Die Grüne Abgeordnete sprach sich außerdem für eine Harmonisierung des europäischen Asylrechts, für gemeinsame Integrations-Standards und für einen EU-weiten Schutz traumatisierter Asylwerber vor Abschiebung aus. Begrüßt wurde von der Grün-Politikerin der EU-Plan, Flüchtlingen außerhalb der EU durch Aufbauhilfe, die Verbesserung der humanitären Lage und den Aufbau von zivilgesellschaftlichen Organisationen zu unterstützen.

Sarkozy will Flüchtlinge nahe der Heimat belassen
Flüchtlinge sollten so nahe wie möglich an ihrem Herkunftsland bleiben, forderte der französische Innenminister Nicolas Sarkozy beim informellen EU-Justiz- und Innenministerrat am Freitag in Wien laut Redetext. Wenn die Flüchtlinge am Südrand des Mittelmeeres ankämen, sei es "schon zu spät". Man sollte den Nachbarländern jener Staaten, aus denen große Flüchtlingsströme kommen, helfen mit den Flüchtlingen umzugehen.
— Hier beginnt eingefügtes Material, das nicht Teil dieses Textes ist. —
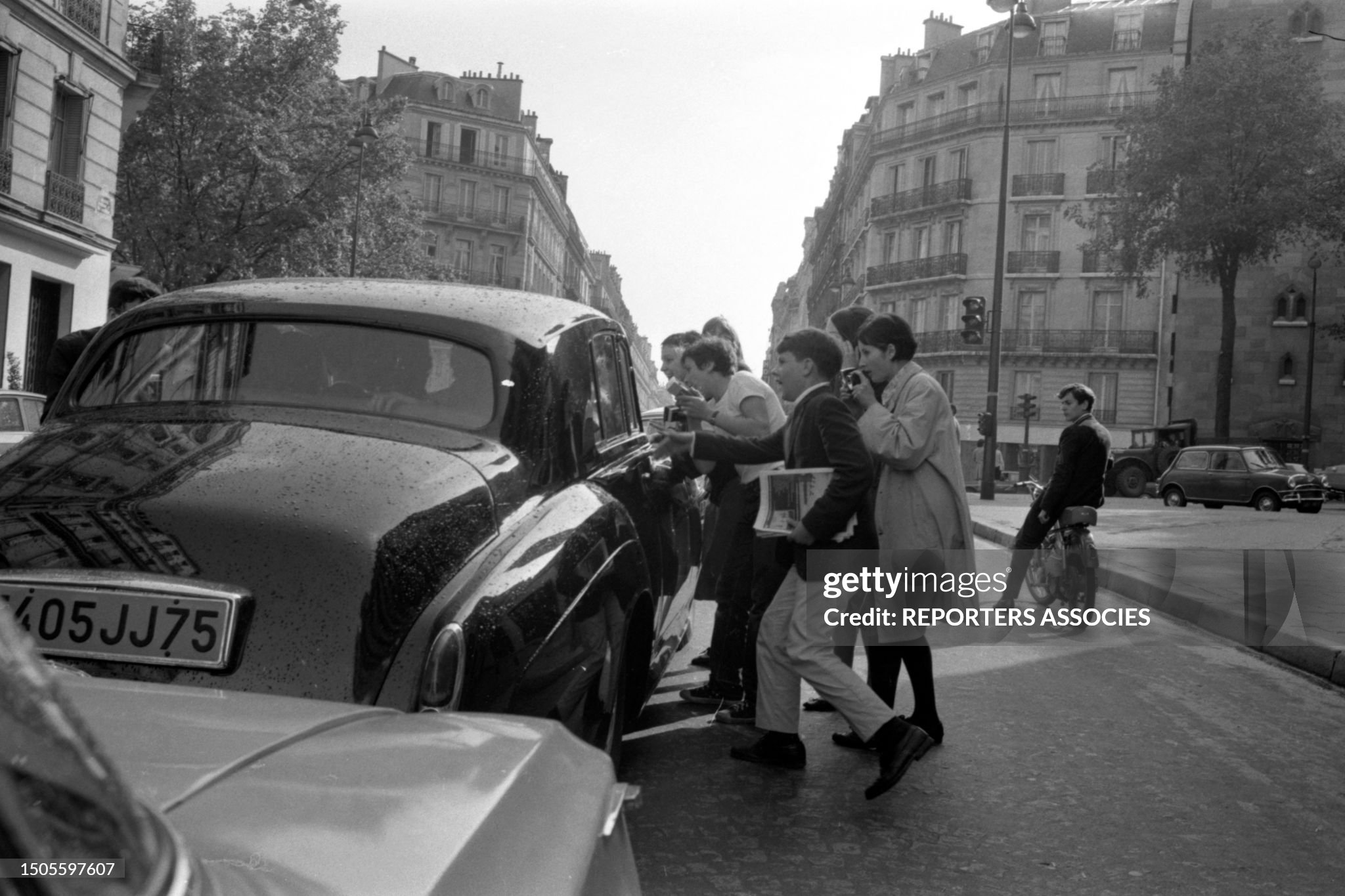 The Beatles' car mobbed by fans in the street in Paris on 20 June 1965.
Sarkozy forderte ein gemeinschaftliches Asylsystem der EU. Das bedeute vor allem ein gemeinsames Asylverfahren und einen einheitlichen Status für Asylwerber. Es führe zu Migration zwischen den EU-Ländern, wenn wie bisher unterschiedliche Bewertungen erfolgten. Dazu sei aber insbesondere ein einheitlicher Katalog sicherer Drittstaaten, also Staaten die nicht EU-Mitglieder sind, nötig.

Wenn alle EU-Staaten den gleichen demokratischen Werten verpflichtet seien, müsse auch die Einschätzung, ob ein Land außerhalb der EU demokratisch ist und wie ein Asylantrag zu bewerten sei, einheitlich sein. Um einen gemeinsamen Informationsstand über alle fraglichen Staaten zu bekommen, sollten die Botschaften unter Koordination des EU-Vorsitzlandes vierteljährlich eine Bewertung der politischen Situation liefern.

Ausländer müssen "entfernt" werden
Um illegal in der Union befindliche Ausländer zu "entfernen", sollten systematisch "Gruppenflüge" organisiert werden, sagte Sarkozy. Bisher sei es nur eine kleine Gruppe von EU-Staaten, die in dieser Frage zusammen arbeite.